大阪の焼跡闇市から実業家として再起をはかる松坂熊吾。豪胆にして理不尽な男が、五十歳にして初めて子を授かった。作者自身の“父と子”を描くライフワークの第一部。

書誌情報

読み仮名 ルテンノウミダイイチブ
発行形態 書籍
判型
頁数 352ページ
ISBN 978-4-10-332507-9
C-CODE 0093
ジャンル 文芸作品、文学賞受賞作家
定価 2,090円

あらすじ

 戦前、自動車部品会社の経営者として飛ぶ鳥を落とす勢いだった松坂熊吾は豪胆と我儘、善意と理不尽、無邪気と先見性を内包した尽きせぬ魅力を湛えた男だった。
 妻房江は実母と死別し、実父には捨てられ、苦労に苦労を重ねた後、結婚したが、子をなしながらも仔細あって別れた。その後、大阪新町の茶屋の仲居となり、美貌と繊細な気遣いが見込まれて、女将の代理として帳場他一切を取り仕切るようになった。その頃、熊吾と出会う。熊吾四十五歳、房江三十二歳であった。
 昭和二十二年、熊吾は五十歳にして、思いもよらぬ子宝を授かった。熊吾は病弱な乳飲み子の伸仁に誓う。
 ──お前が二十歳になるまでは絶対に死なんけんのう。
 松坂商会は、戦災による資産の消失と資金の未回収で、裸一貫からの再起となった。進駐軍の払い下げ物資による中古自動車部品販売業からの再出発である。
 熊吾が信頼を寄せていた番頭井草正之助は回収した巨額の現金を持ち逃げした。この造反は熊吾のかつての使用人であった亜細亜商会社長海老原太一が裏で糸を引いていたのであった。
 去る者が出る一方、来る者もあった。
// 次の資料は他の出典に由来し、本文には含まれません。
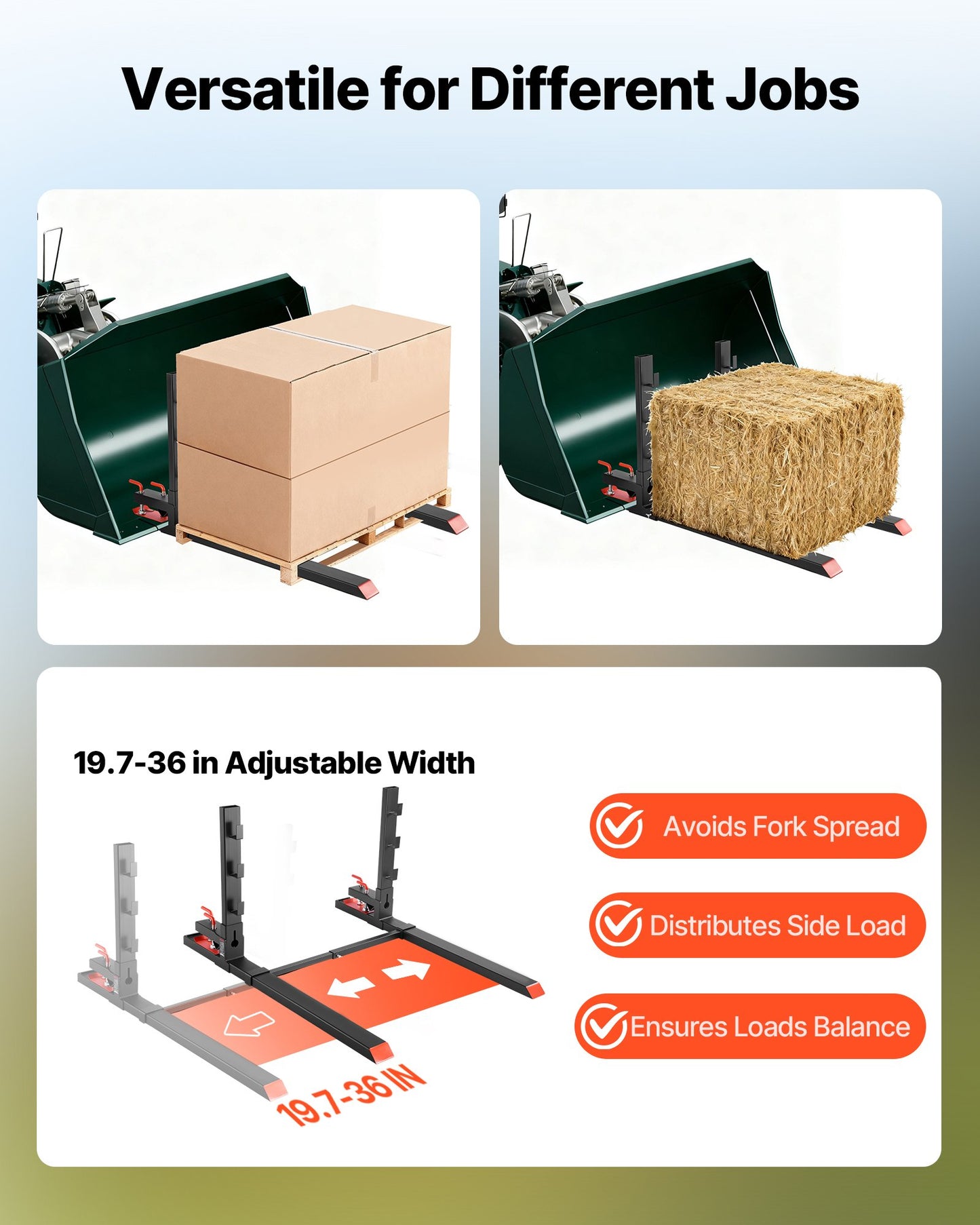 Pallet Forks, 4000 lbs Clamp on Pallet Forks, 60-Inch Total Length Heavy-Duty Tractor Fork with Anti-Tilt Bar & Adjustable Stabilizer Bar, Fit for Loader Bucket Skid Steer Tractor, Black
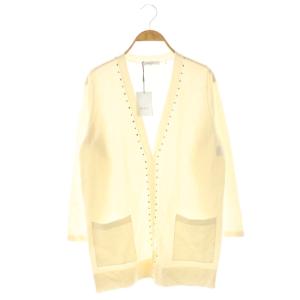 ウールスタッズラインニットカーディガン 長袖 38 アイボリー /DO OS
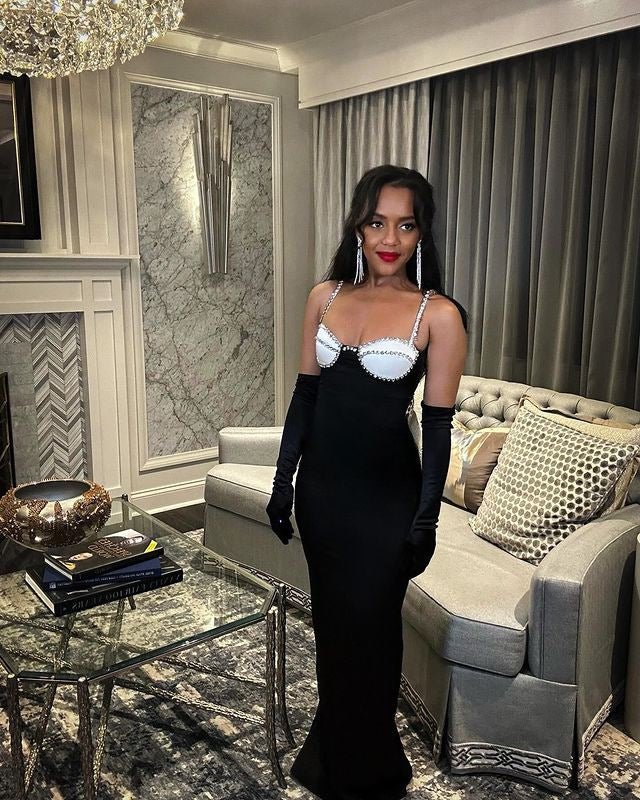 Cross-border European and American New Women's Sexy Sling Contrast Color Chest Cup Diamond-encrusted Tight Hip Bandage dress Evening Dress - Cozy & Co. Market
バラックの立ち並ぶ闇市で知り合った京都帝大出の陰のある秀才、辻堂忠が松坂商会に入社し、顔はいかついが善良な運送業者丸尾千代麿の協力を得る。前途が拓けはじめたかに見えたのだが……。

著者プロフィール

宮本輝

ミヤモト・テル

1947(昭和22)年、兵庫県神戸市生れ。追手門学院大学文学部卒業。広告代理店勤務等を経て、1977年「泥の河」で太宰治賞を、翌年「螢川」で芥川賞を受賞。その後、結核のため2年ほどの療養生活を送るが、回復後、旺盛な執筆活動をすすめる。『道頓堀川』『錦繍』『青が散る』『流転の海』『優駿』(吉川英治文学賞)『約束の冬』(芸術選奨文部科学大臣賞)『にぎやかな天地』『骸骨ビルの庭』(司馬遼太郎賞)『水のかたち』『田園発 港行き自転車』等著書多数。2010 (平成22)年、紫綬褒章受章。2018年、37年の時を経て「流転の海」シリーズ全九部(毎日芸術賞)を完結させた。